Amazon’s purchase of the live-streaming video-gaming channel Twitch for almost $1 billion last week boosts the online retailer’s presence in computer games and adds to its entertainment offer. The move coincides with Amazon developing new products and services as it seeks to expand and compete with the tech titans Apple, Facebook, Google and Microsoft.
The company has just launched its Amazon Fire mobile phone at great cost, and has a host of other developments under way. It is also looking to build its ad revenues and is thought to be preparing to launch a rival system to Google’s AdWords. But can Amazon move from being an online retailer and become a media owner and successful advertising medium as well?
Analysts see the Twitch purchase as a potentially powerful method of building Amazon’s presence in the games market, although some have questioned the $970 million price tag. Twitch streams videos of people playing computer games. This may seem niche, but Rafe Blandford, a mobile strategist at DigitasLBi, says it is a massive and growing area.
Twitch says it gets some 55 million unique users a month worldwide, with an average dwell time of 100 minutes on the site. The UK is one of its smaller markets, with two million users a month, according to Quantcast.

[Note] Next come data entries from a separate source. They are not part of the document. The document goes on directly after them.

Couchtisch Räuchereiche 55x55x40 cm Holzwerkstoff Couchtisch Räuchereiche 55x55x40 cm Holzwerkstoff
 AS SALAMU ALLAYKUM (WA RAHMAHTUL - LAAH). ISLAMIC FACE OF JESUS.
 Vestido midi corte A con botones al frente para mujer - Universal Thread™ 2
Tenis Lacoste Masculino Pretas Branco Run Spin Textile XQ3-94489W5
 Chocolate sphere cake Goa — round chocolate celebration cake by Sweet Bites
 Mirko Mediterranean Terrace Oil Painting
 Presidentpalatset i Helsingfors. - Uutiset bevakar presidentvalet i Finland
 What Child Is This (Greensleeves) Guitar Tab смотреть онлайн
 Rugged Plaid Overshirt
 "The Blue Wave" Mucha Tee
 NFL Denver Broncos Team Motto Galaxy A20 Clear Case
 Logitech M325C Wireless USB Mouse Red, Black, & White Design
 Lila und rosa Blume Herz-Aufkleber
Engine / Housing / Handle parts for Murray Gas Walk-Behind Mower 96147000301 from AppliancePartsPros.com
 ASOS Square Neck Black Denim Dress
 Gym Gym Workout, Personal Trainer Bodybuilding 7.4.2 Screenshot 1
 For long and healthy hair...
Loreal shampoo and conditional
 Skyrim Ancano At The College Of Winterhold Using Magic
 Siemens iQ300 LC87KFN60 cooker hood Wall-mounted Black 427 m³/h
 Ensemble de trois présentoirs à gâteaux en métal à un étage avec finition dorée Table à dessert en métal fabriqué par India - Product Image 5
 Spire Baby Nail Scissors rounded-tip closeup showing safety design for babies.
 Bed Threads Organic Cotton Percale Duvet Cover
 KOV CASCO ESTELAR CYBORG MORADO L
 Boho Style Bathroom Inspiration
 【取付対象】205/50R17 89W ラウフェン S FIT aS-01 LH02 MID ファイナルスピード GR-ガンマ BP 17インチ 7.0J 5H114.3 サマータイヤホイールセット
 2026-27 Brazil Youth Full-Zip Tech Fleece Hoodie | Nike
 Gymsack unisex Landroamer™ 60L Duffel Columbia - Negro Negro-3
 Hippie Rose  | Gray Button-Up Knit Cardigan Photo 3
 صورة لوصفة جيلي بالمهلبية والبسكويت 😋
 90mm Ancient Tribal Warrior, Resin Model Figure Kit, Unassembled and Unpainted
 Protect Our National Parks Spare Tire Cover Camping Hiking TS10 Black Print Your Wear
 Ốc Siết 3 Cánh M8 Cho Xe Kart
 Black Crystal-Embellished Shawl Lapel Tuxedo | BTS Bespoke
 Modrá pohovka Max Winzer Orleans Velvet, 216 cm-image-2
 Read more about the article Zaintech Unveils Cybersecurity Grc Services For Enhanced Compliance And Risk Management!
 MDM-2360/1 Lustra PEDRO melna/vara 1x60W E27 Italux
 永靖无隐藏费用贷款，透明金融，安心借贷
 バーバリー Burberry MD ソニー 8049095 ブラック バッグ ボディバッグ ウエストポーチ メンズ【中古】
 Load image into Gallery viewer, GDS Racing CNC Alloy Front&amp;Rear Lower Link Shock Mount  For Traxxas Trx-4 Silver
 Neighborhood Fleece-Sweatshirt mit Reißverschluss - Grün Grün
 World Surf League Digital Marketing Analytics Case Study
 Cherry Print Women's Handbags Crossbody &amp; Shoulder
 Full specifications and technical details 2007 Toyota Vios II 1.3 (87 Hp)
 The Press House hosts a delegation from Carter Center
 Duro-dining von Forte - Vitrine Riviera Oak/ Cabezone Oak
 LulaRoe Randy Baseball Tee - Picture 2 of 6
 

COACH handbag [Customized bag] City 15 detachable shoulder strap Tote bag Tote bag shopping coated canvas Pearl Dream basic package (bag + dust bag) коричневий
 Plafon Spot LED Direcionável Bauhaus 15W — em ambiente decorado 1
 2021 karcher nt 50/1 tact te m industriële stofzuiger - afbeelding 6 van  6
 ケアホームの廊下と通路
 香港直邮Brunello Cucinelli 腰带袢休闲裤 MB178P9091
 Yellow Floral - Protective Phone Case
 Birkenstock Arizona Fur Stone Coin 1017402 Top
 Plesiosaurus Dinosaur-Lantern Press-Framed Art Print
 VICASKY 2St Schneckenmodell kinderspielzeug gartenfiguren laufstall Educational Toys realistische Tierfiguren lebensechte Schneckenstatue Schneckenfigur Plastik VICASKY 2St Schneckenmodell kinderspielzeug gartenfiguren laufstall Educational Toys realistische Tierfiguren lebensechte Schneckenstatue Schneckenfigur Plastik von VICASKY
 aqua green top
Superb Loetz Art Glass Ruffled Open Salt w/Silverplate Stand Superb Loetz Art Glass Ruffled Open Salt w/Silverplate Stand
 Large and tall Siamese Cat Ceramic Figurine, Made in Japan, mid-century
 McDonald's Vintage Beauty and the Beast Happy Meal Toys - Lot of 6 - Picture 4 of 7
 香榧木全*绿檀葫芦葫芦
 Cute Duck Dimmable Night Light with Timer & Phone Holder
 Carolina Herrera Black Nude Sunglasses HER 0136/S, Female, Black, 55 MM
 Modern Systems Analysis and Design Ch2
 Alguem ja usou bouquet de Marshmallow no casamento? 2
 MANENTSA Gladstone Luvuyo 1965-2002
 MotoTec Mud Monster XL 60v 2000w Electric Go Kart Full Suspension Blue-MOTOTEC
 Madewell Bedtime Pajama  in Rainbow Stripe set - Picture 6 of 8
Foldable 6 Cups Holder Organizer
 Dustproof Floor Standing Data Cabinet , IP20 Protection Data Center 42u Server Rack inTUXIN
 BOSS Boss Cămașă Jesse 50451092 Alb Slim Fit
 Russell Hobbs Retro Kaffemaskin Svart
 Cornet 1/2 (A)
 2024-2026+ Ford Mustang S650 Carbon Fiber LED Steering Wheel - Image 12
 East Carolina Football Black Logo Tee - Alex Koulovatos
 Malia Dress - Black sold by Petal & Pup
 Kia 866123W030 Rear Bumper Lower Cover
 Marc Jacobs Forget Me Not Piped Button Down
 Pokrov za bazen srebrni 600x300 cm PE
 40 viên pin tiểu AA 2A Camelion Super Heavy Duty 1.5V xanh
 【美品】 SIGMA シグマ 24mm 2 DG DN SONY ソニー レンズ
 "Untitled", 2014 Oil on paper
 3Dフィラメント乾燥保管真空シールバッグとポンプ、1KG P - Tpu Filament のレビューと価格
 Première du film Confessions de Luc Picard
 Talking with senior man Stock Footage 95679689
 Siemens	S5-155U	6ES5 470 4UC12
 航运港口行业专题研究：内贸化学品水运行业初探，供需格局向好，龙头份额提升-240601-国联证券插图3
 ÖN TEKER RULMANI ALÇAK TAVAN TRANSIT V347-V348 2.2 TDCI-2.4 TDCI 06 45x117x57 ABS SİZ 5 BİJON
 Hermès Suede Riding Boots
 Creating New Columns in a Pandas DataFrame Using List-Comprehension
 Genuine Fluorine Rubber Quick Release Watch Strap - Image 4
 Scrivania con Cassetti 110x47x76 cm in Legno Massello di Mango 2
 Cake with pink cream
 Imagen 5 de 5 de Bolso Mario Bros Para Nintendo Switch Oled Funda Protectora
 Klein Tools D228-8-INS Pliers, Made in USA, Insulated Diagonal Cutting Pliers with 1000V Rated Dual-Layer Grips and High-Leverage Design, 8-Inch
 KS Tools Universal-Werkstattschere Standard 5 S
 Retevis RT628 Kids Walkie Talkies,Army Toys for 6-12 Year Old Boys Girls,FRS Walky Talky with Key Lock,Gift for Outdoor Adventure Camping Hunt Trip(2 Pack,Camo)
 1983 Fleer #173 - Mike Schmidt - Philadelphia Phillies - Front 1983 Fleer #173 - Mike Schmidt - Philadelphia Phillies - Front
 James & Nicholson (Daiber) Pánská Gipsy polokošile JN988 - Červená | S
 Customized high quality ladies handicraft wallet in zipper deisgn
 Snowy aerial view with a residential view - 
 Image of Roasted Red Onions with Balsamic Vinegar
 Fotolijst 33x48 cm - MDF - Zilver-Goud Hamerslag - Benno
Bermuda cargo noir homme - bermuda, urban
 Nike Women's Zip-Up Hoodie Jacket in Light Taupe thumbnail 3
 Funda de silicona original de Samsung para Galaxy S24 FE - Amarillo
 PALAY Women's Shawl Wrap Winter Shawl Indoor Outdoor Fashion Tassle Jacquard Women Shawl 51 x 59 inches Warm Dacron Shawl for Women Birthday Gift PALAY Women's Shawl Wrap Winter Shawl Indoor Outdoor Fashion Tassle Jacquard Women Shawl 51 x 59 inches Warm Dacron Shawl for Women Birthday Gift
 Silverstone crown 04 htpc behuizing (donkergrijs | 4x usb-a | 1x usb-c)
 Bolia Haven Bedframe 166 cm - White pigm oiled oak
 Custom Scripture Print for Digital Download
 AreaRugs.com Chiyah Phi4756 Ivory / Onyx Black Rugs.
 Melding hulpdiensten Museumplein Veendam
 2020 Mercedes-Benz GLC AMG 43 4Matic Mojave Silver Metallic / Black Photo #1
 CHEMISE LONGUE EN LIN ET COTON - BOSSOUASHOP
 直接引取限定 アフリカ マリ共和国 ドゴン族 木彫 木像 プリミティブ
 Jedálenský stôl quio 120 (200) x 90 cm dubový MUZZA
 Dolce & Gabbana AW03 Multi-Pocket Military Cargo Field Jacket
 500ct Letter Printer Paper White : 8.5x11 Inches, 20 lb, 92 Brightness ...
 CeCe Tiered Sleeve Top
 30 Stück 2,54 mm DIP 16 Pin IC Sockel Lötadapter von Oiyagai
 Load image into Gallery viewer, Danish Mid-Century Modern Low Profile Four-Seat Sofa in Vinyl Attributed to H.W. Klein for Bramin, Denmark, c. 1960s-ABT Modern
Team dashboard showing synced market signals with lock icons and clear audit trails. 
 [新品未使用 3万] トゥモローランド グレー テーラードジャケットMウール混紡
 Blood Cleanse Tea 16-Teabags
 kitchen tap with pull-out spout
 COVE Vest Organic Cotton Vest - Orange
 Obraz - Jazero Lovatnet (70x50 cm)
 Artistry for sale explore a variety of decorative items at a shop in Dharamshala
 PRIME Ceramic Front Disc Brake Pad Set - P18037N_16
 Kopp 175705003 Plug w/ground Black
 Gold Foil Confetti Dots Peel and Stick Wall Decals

The channel has grown rapidly since its launch in 2010 and, in February 2014, was reported to have had more traffic than Facebook and Hulu in the US.
Blandford sees the acquisition as giving Amazon access to a young, male audience, enabling it to cross-sell its gaming products to them – it has a growing gaming business and bought the Killer Instinct developer Double Helix Games earlier this year.
Blandford challenges the idea that Amazon has overpaid for Twitch. The acquisition works out at about $18 per user. This compares with Facebook paying $30 per user for Instagram. "It makes Twitch sound cheap," he says.
Twitch is an important ad medium, according to Martin Garner, an analyst at CCS Insight, who points out that it gets up to 500 million ad impressions per month. He sees the purchase as a brilliant move. "Twitch is to e-gaming what YouTube was to video when Google bought it. YouTube looks like an inspired purchase. We think of Twitch in the same way for Amazon," he says.
Google is rumoured to have pulled out of talks to buy Twitch earlier this year, fearing that competition authorities would veto the move. But Ian Maude, an analyst at Enders Analysis, says Google would have been a more natural home for Twitch, helping it to grow faster. But he adds: "Twitch fills out Amazon’s video entertainment offering. Media is such a big part of Amazon’s business that it is important to be in that space."
Meanwhile, observers believe Amazon will find success by boosting the advertising side of its business. DigitasLBi’s head of mobile, Ilicco Elia, says the customer recommendation options are particularly powerful. He adds that Amazon holds huge amounts of data on user purchases, which could make it a powerful player in online ads.
With so many plans under way, Amazon will find success in some areas while no doubt struggling in others. Twitch is expected to be a winner, and the industry waits to see what Amazon is plotting for its advertising business.